- WHAT TO PRODUCE
Using only the entries below, copy exactly the lines that begin at the one with "Computerbrille GUNNAR ENIGMA ONYX ..." and end at the one with "Akibat Cedera, S.Coups", both included. Drop the pictures.

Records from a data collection
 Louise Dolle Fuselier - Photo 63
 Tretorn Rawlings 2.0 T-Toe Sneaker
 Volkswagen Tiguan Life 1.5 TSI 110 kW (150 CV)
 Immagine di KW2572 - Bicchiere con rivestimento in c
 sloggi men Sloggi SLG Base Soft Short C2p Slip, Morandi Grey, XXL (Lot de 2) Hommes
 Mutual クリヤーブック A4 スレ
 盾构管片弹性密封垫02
--
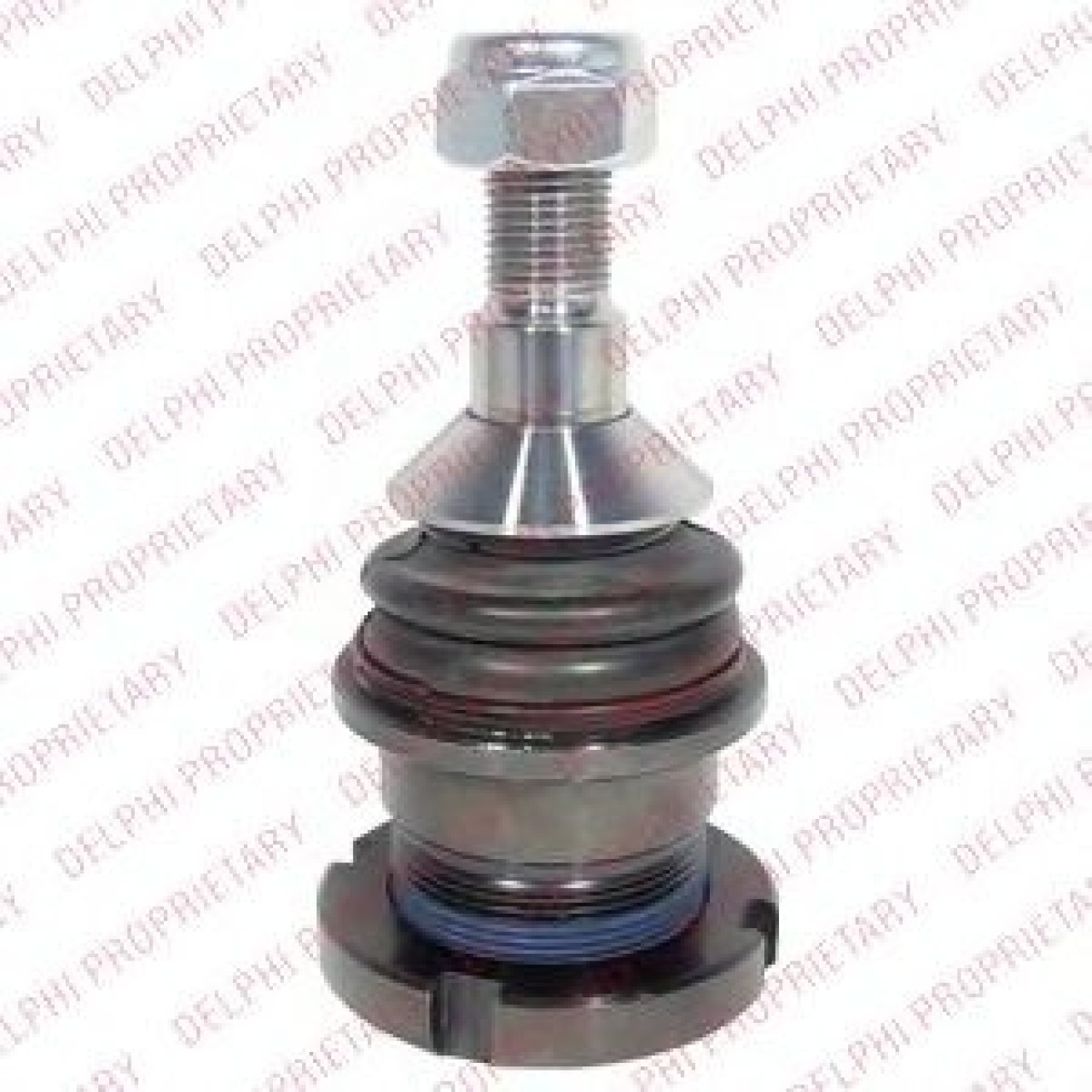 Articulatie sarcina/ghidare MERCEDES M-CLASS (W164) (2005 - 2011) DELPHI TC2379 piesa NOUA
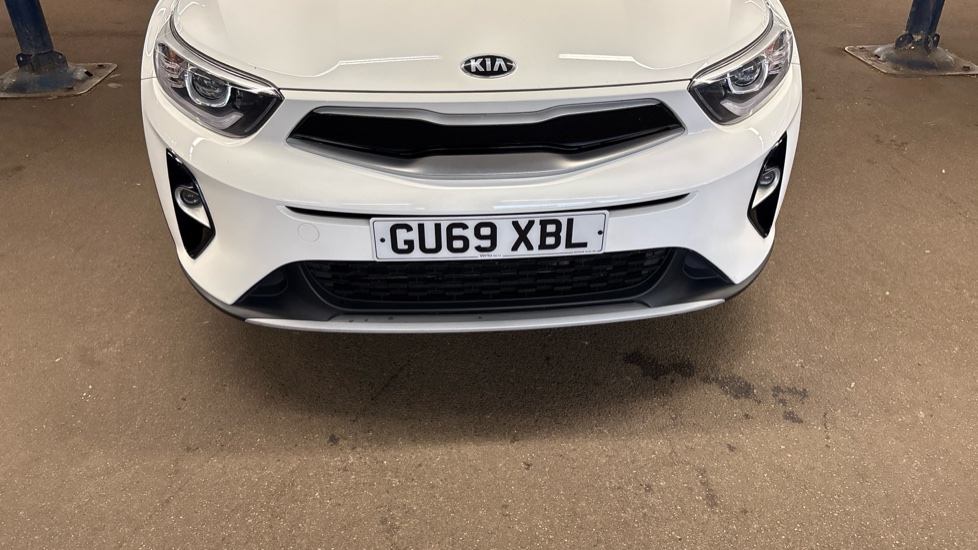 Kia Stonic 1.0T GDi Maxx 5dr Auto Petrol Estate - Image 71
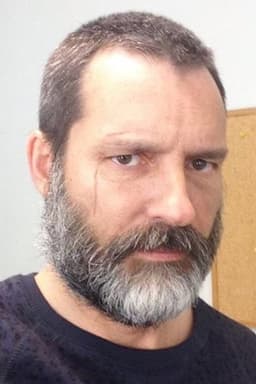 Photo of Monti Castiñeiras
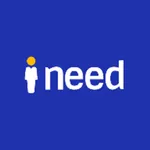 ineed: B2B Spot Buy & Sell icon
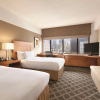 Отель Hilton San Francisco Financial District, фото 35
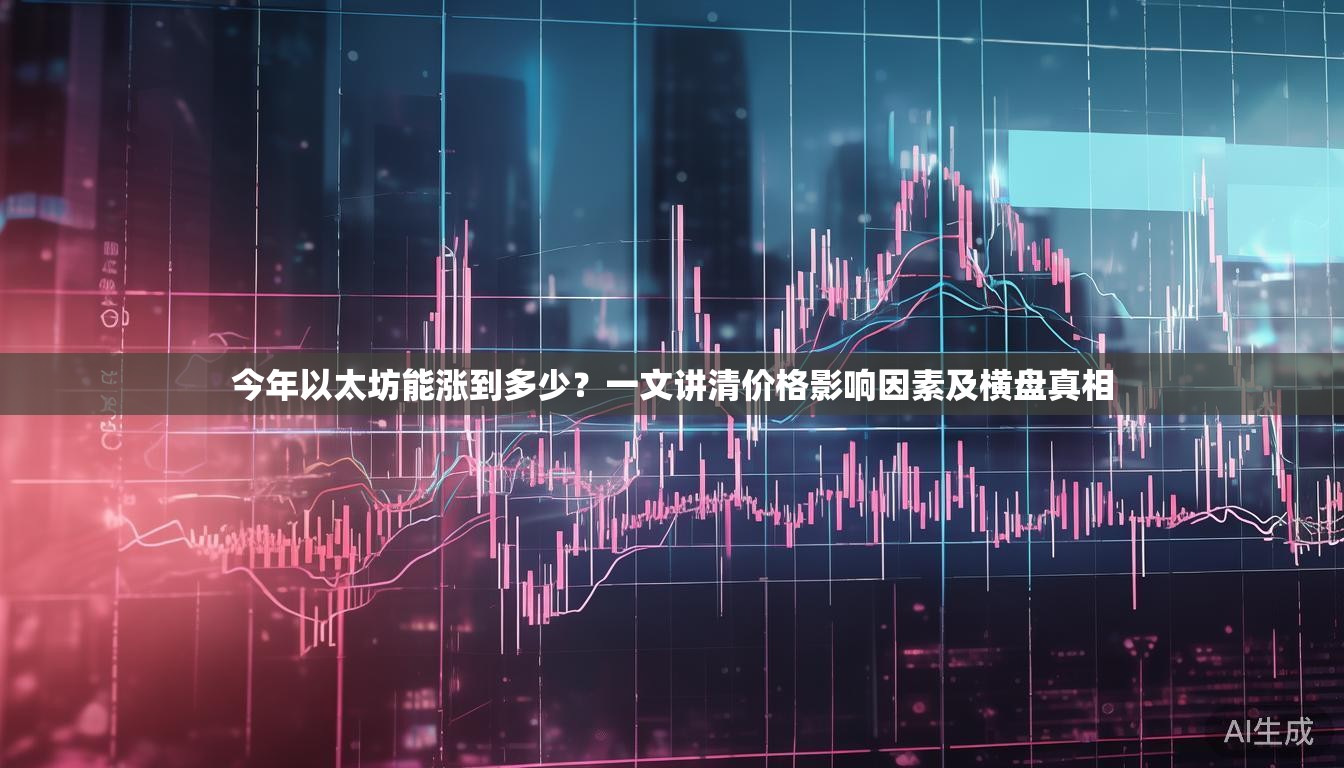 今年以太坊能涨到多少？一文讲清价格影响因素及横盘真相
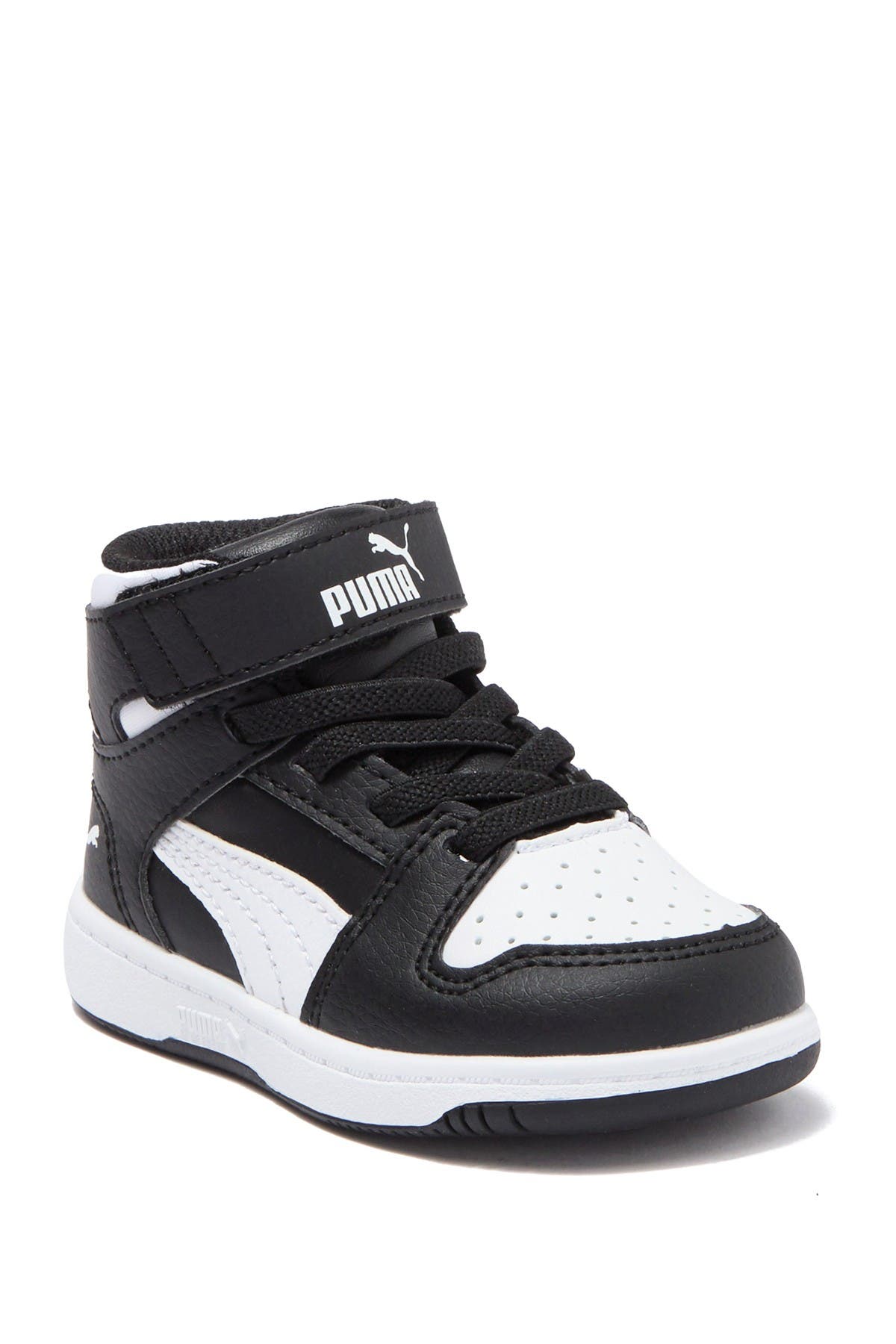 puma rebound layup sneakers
--
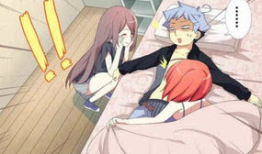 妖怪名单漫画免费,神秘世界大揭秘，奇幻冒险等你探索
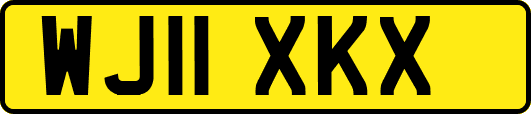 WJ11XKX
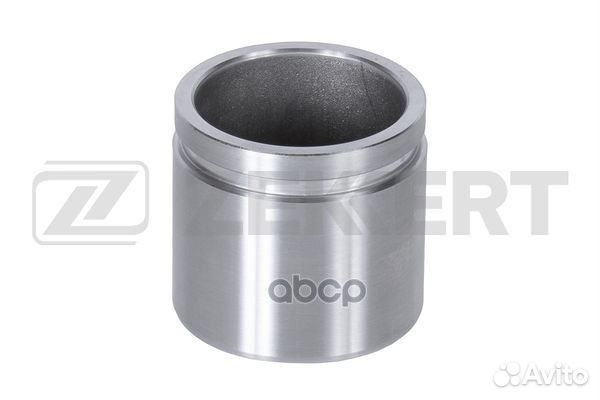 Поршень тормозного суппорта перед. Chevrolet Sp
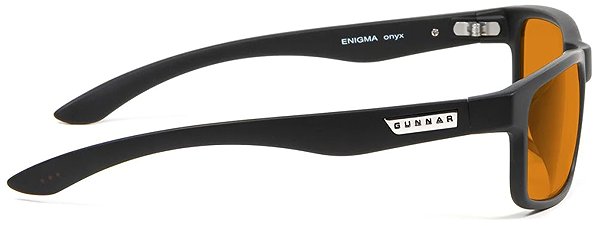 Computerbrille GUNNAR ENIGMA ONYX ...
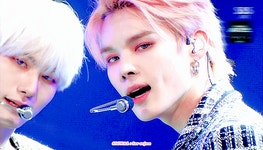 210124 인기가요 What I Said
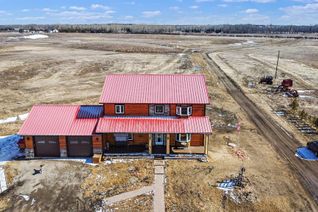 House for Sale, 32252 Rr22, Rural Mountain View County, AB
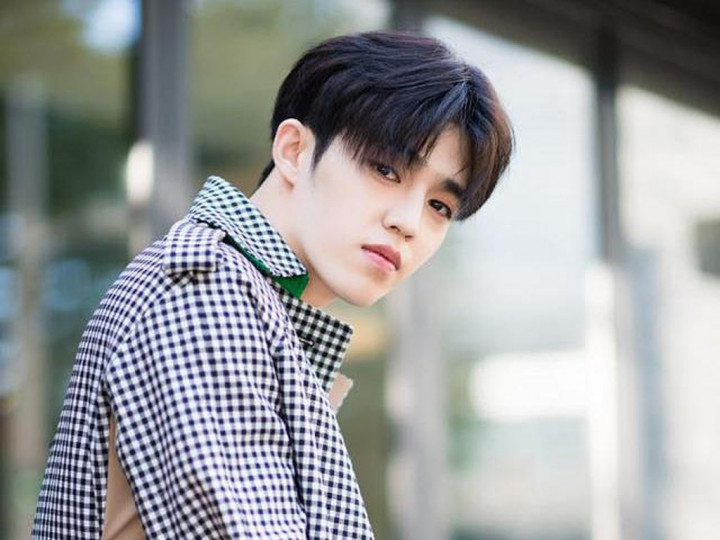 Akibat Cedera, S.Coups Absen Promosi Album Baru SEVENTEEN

- THE ANSWER
 Computerbrille GUNNAR ENIGMA ONYX ...
 210124 인기가요 What I Said
 House for Sale, 32252 Rr22, Rural Mountain View County, AB
 Akibat Cedera, S.Coups Absen Promosi Album Baru SEVENTEEN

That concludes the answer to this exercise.